History of the Caribbean: Plantations, Trade, and War in the Atlantic World

“Frank Moya Pons, the authority on the history of the Dominican Republic, has written a classic.” — New West Indian Guide

“A clearly written and comprehensive narrative.” — HAHRHispanic American Historical Review

“A very good read. Historically sound, fact-laden and well written. I literally could not put it down until I finished it.” — Hispanic Outlook

From the arrival of the first Europeans in the region until the 1930s, plantations—building their fortunes on sugar, and to a lesser extent on cotton, indigo, tobacco, coffee, and bananas—brought unprecedented wealth to Old World owners, effected a fundamental shift in the landscape and economy of the Caribbean and the Atlantic world, saw the enslavement of first indigenous populations and then imported Africans, and led to bloody wars on both sides of the Atlantic over control of the lucrative sugar market.

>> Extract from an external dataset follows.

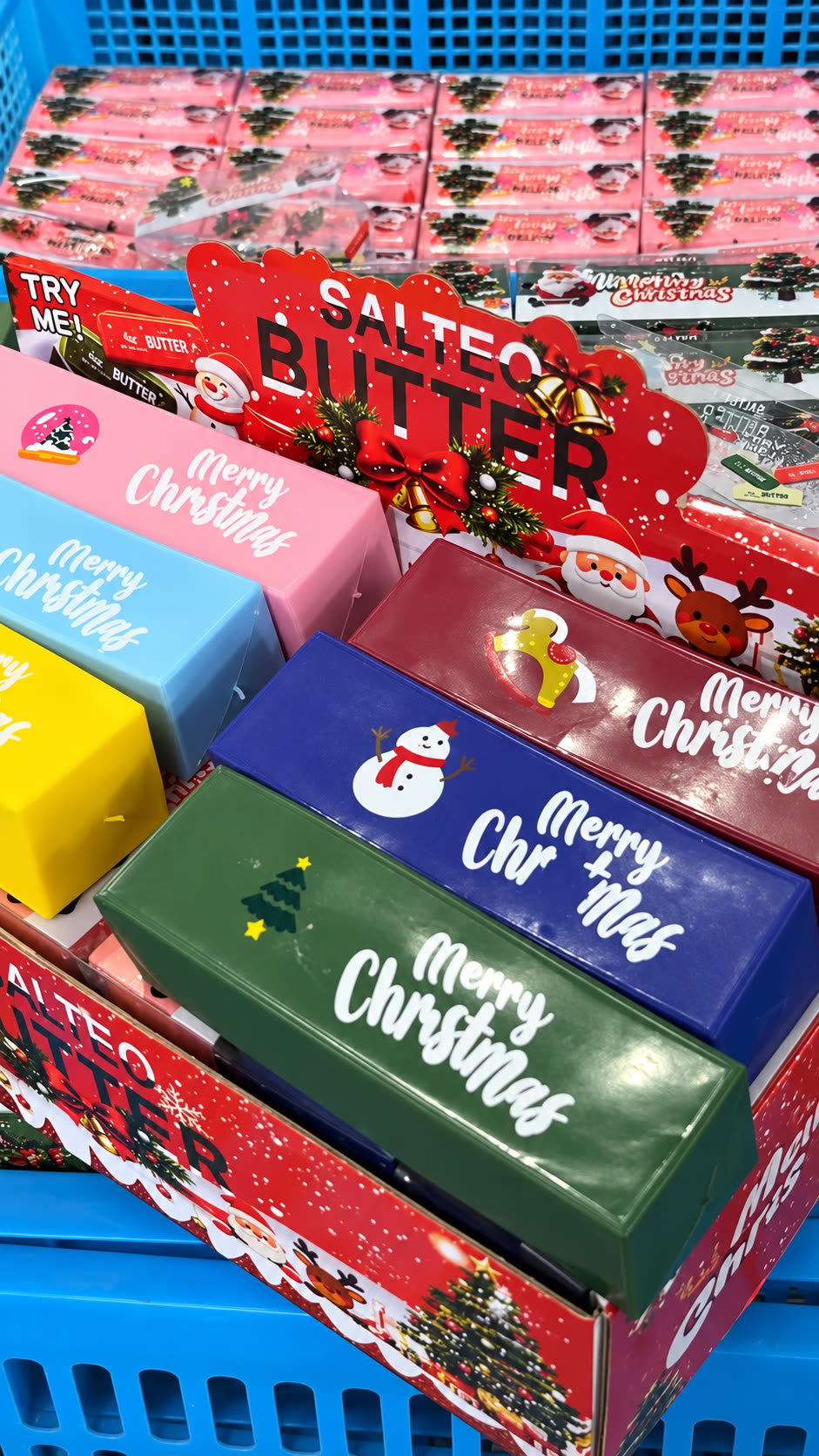 Christmas Crunchy Squishies in assorted holiday colors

In this comprehensive volume, Frank Moya Pons explores the history, context, and consequences of the major changes that marked the Caribbean between Columbus’ initial landing and the Great Depression. He investigates indigenous commercial ventures and institutions, the rise of the plantation economy in the 16th century, and the impact of slavery. He discusses the slave revolts and struggles for independence, seen by European landowners not as a matter of human or political rights but as an expensive interruption to their profit flow. History of the Caribbean traces the fate of a group of small islands whose natural resources transformed them first into some of the wealthiest places on earth and then into some of the poorest.

This book intertwines the socioeconomics of the Caribbean with Atlantic history in a captivating narrative that will fascinate a general audience and provide new insights for specialists.


Frank Moya Pons, author, the former Research Director at CUNY Dominican Studies Institute, is the author of 20 books, including the The Dominican Republic: A National History. He has also taught at Columbia University, the University of Florida, and at universities in the Dominican Republic. He also was the Secretary of Environmental Affairs of the Dominican Republic.